National dress or folk costume is a fascinating historical phenomenon that exists by its own specific logic and has a distinctive structure and palette, that is stored in museums and collections, reconstructed and recorded in millions of photographs. This project is a photographic digest of Russian folk costume: from ethnographic photography till contemporary art.

First developing in the 12th to 13th centuries, traditional Russian costume was worn by tsars and grand dukes, boyars and merchants, craftsmen and peasants until the early 18th century.

In traditional culture the female silhouette was formed by rectangular skirts or ‘ponyova’ (southern Russia) and the triangular-trapezoid dress or ‘sarafan’ (northern Russia). In both northern and southern Russia male costumes were far simpler and more uniform than their female counterparts: a ‘kosovorotka’ shirt with side neck-fastening was belted round the underbelly and worn outside narrow trousers tucked into boots.

The form of the costume (proportion, gamut of colours) was naturally suited to the wearer and selected for a particular anthropological type: the fair-haired, light-eyed northerners preferred a festive costume in pastel shades with an elongated shape, while southerners with dark hair and eyes favoured a colour scheme of contrasting red, white and black.

Peter the Great’s rise to power heralded a period when costume was controlled by ‘political censorship’. Urban clothing according to Western European style was introduced to Russia by special decree in 1700. Catherine the Great maintained these clothing restrictions, but it was during her rule that ‘Russian fashion’ first emerged. According to court etiquette (1782), on certain festivals ladies were obliged to appear at court in a ‘Russian gown’ — a sarafan with a corsage and skirt.

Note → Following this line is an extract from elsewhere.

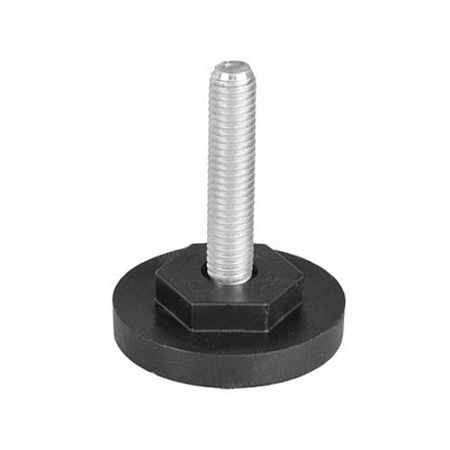 Опора М-6 х 17мм (Черная) 1500 шт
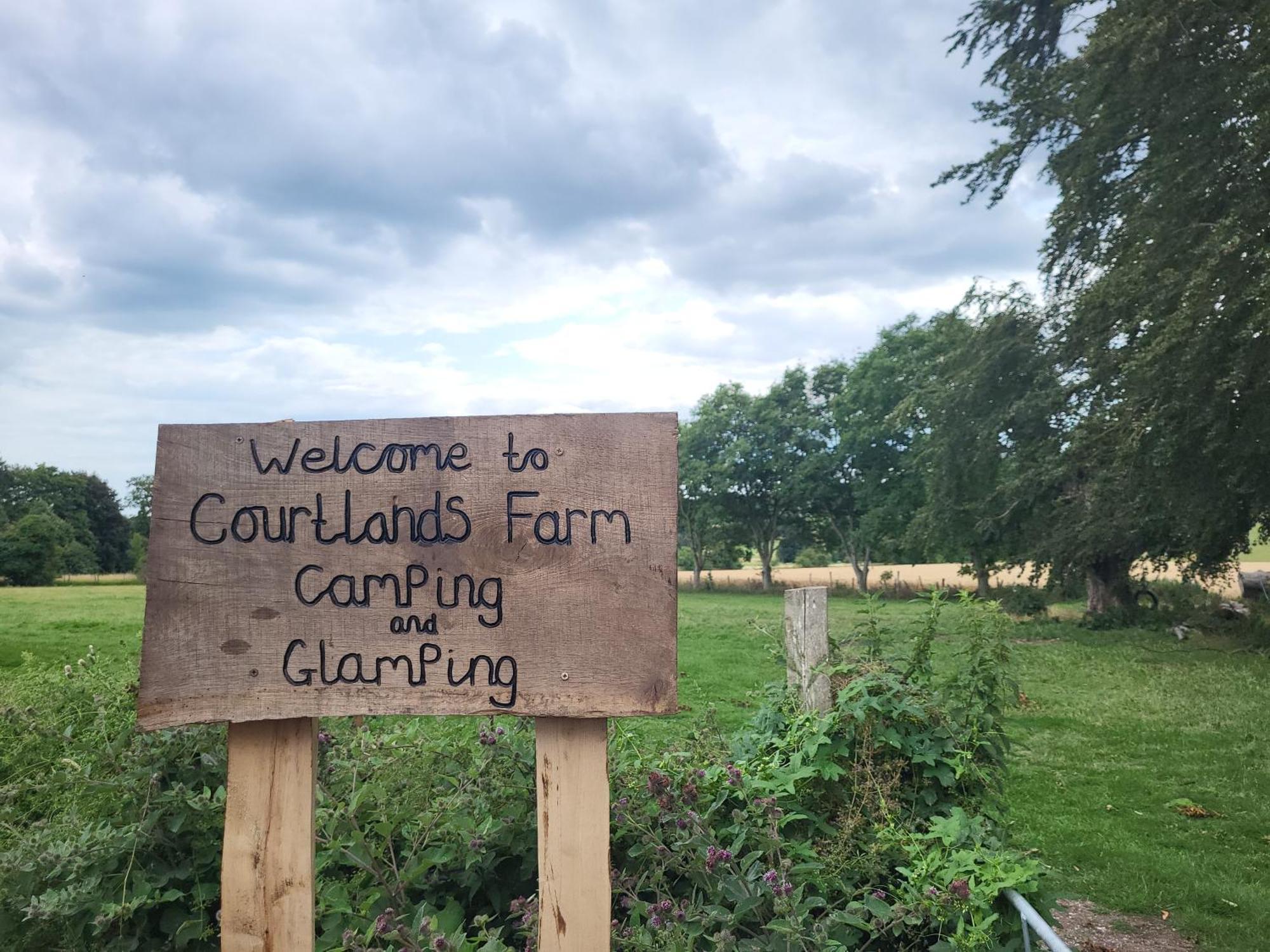 Courtlands Farm Camping And Glamping Canterbury Exterior foto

The next ‘Russian fashion’ vogue was related to Napoleon’s invasion of Russia in 1812. By this time red and blue Empire-line Russian sarafans were worn in Europe. Nicholas I introduced a new gown complete with ‘kokoshnik’ for wear at court (1834), and in the reign of Alexander III senior military ranks adopted a uniform with features of the ‘Russian style’.

From the second half of the 19th century to the early 20th century garments in the so-called ‘pseudo-Russian style’ were widespread in large towns. This consisted of dresses or skirts and a bodice adorned with factory-made braid and lace instead of hand-stitched embroidery. The entire ensemble was embellished with ribbons, beads, kerchiefs and other accessories reminiscent of peasant folk costume. Wet nurses and nannies employed by rich families wore a ‘kokoshnik’ and sarafan which became their ‘professional’ outfit, a kind of uniform.

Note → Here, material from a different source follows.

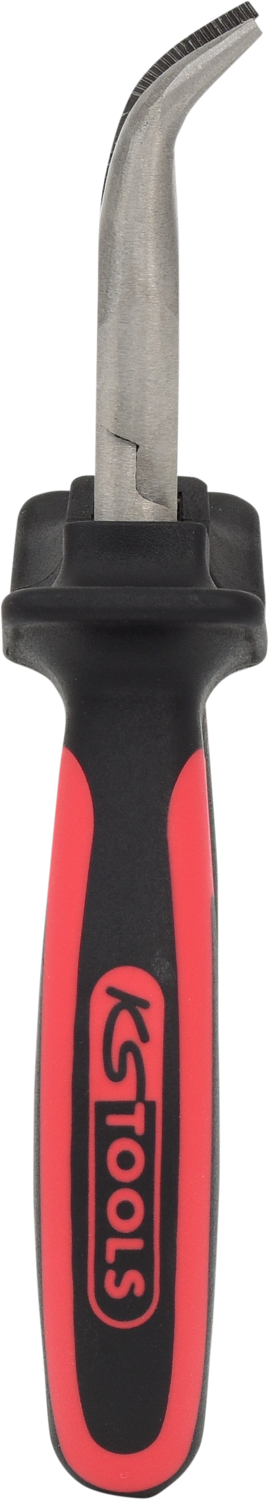 KS Tools ERGOTORQUE Flachrundzange, gebogen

When photography appeared in Russia in the mid-19th century it quickly became one of the most effective means of documenting the way people lived, giving rise to the numerous postcards and albums distributed all over the world that illustrated so-called ‘Russian types’, everyday life and genre scenes, or portraits of peasants in national costume.

After the trauma dealt by political reforms Russian costume was reanimated by Russian art: no longer a historical reality, it became a cultural symbol. Tales of ordinary folk from Pushkin and Bazhov, Ostrovsky and Sholokhov became classics and were adapted for the theatre and cinema. ‘Types’ evolved into characters photographed by the main Russian photo ateliers wearing costumes devised by Vrubel and Bilibin... In the 20th century photogenic national dress was visualised by the cinematographer in historical films, comedies and folk-tale adaptations... Film studios amassed hefty albums of screen tests, while magazines, postcards, bills and posters circulated in huge print runs.

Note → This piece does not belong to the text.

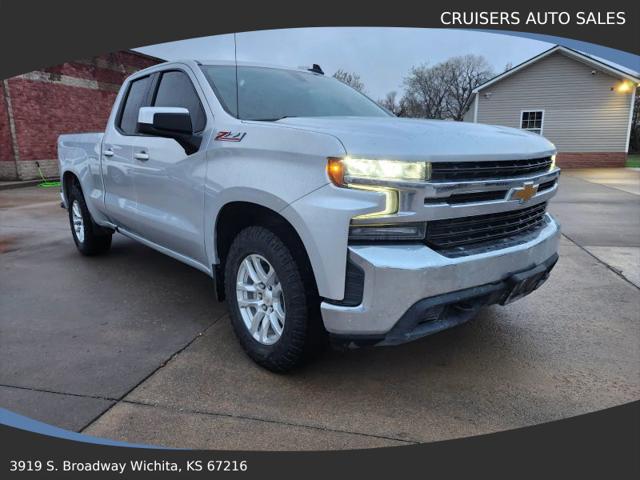 2020 Chevrolet Silverado 1500 4WD Double Cab Standard Bed LT for sale in Wichita, KS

Haute couture first saw the light in the 1860s. Fashion acquired the status of an art form that found its way into museums, and demonstrations of new models were reconceived as a show or performance. Man Ray began taking photographs of fashionable clothing; later Tracey Emin advertised designs by Vivienne Westwood, as did Cindy Sherman for Comme des Garçons. In Russia Valery Plotnikov photographs Slava Zaitsev’s new creations and the Application studio works with Tatyana Parfyonova. Soviet amateur and light entertainment made use of ‘folk’ motifs and themes, at times reducing them to kitsch. This kitsch is unmasked and turned inside-out in contemporary art, in which Russian folk costume becomes an attribute of performance and installation.

Photography ‘recalling’ the art of Venetsianov and Vasnetsov and replicating the poses and gestures selected by painters and graphic artists returns the debt: paintings, watercolours and illustrations are taken from postcard photographs. By experimenting with the colour palette and with light and optical effects while using subjects to the best advantage and selecting the models, photography creates an original ‘world picture’ and offers its own view of reality.